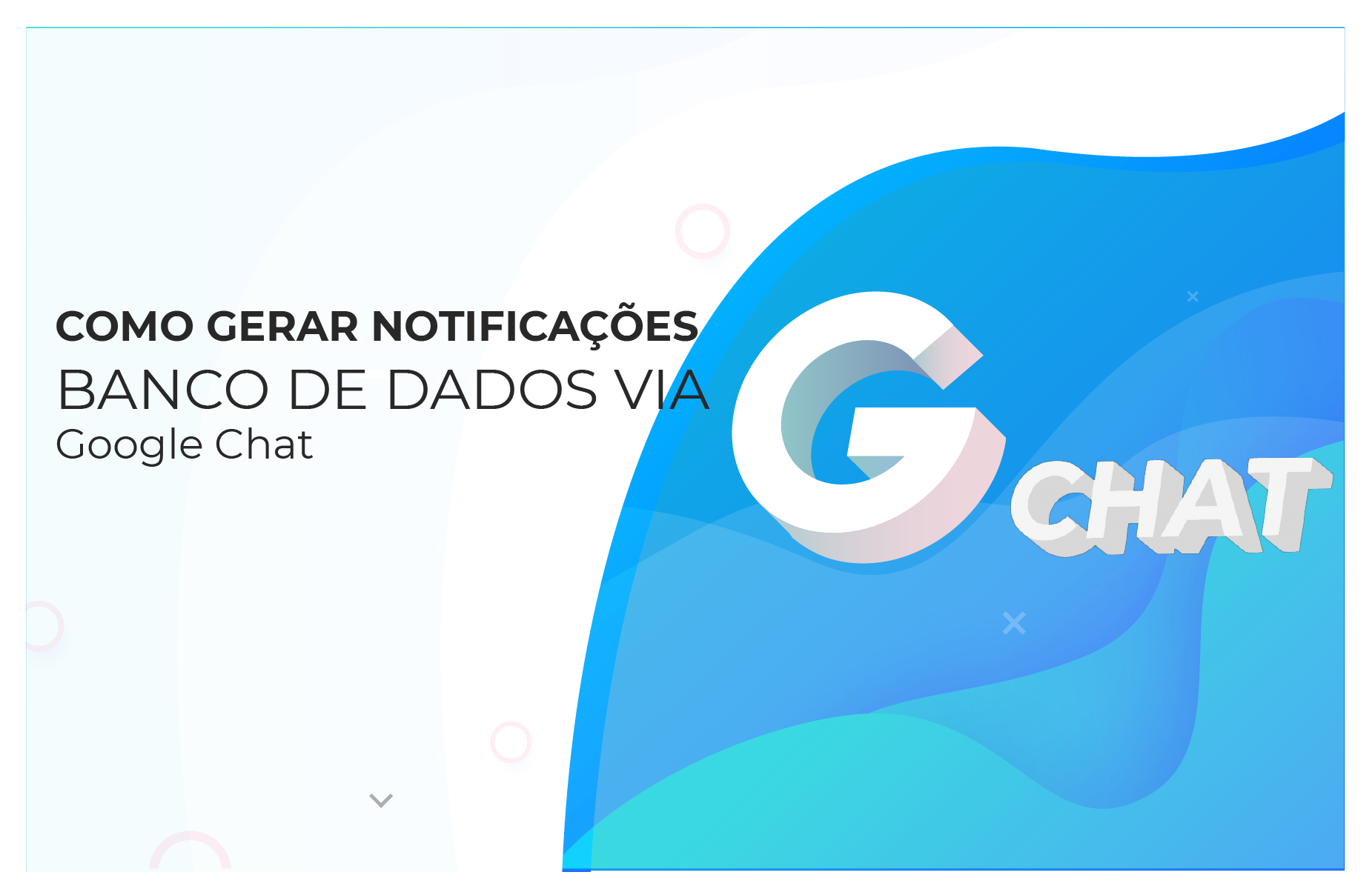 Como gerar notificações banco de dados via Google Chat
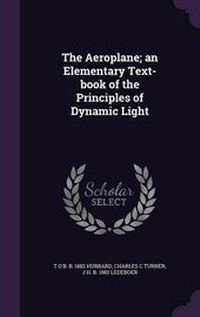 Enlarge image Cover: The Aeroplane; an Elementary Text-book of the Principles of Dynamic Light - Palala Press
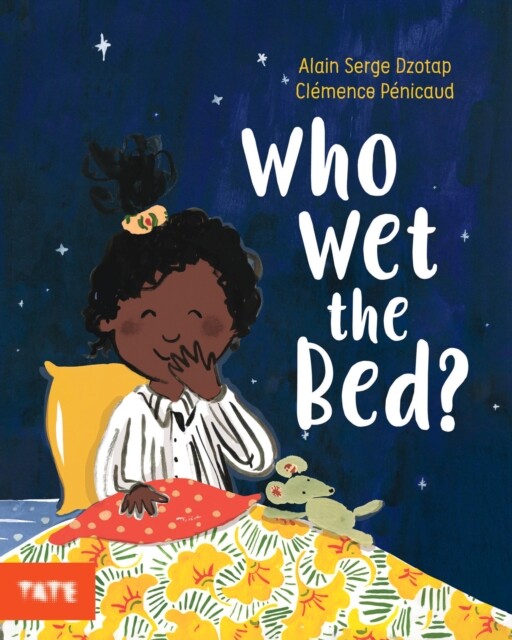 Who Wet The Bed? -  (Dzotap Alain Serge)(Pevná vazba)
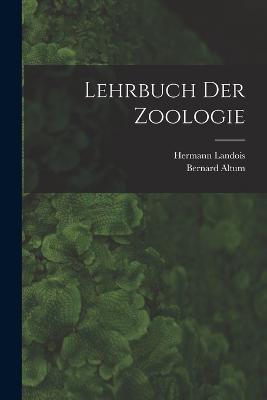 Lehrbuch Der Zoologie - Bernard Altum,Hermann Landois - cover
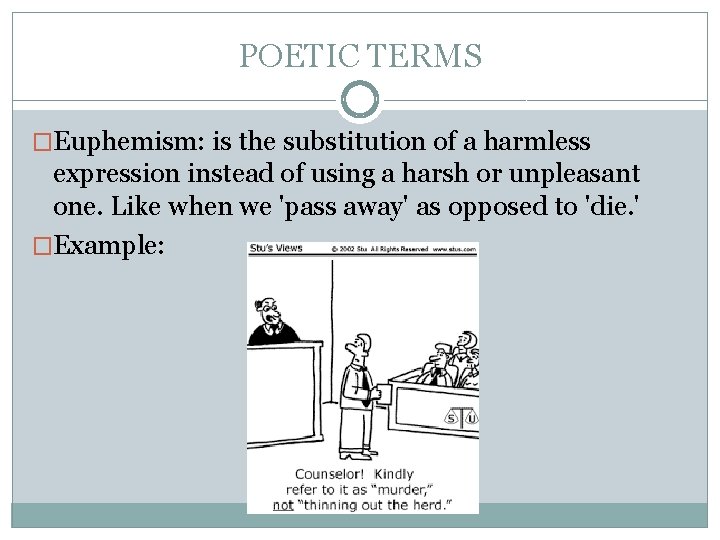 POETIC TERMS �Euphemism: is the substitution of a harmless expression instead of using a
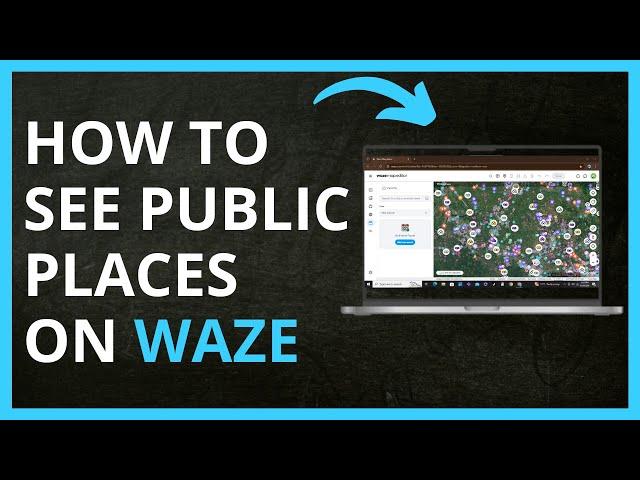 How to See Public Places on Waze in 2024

# TASK DIRECTIONS:
Without any pictures, please write out the lines from the one containing "Enlarge image Cover: The" through the final line of the data, exactly and inclusive of both ends.

# YOUR SOLUTION:
 Enlarge image Cover: The Aeroplane; an Elementary Text-book of the Principles of Dynamic Light - Palala Press
 Who Wet The Bed? -  (Dzotap Alain Serge)(Pevná vazba)
 Lehrbuch Der Zoologie - Bernard Altum,Hermann Landois - cover
 POETIC TERMS �Euphemism: is the substitution of a harmless expression instead of using a
 How to See Public Places on Waze in 2024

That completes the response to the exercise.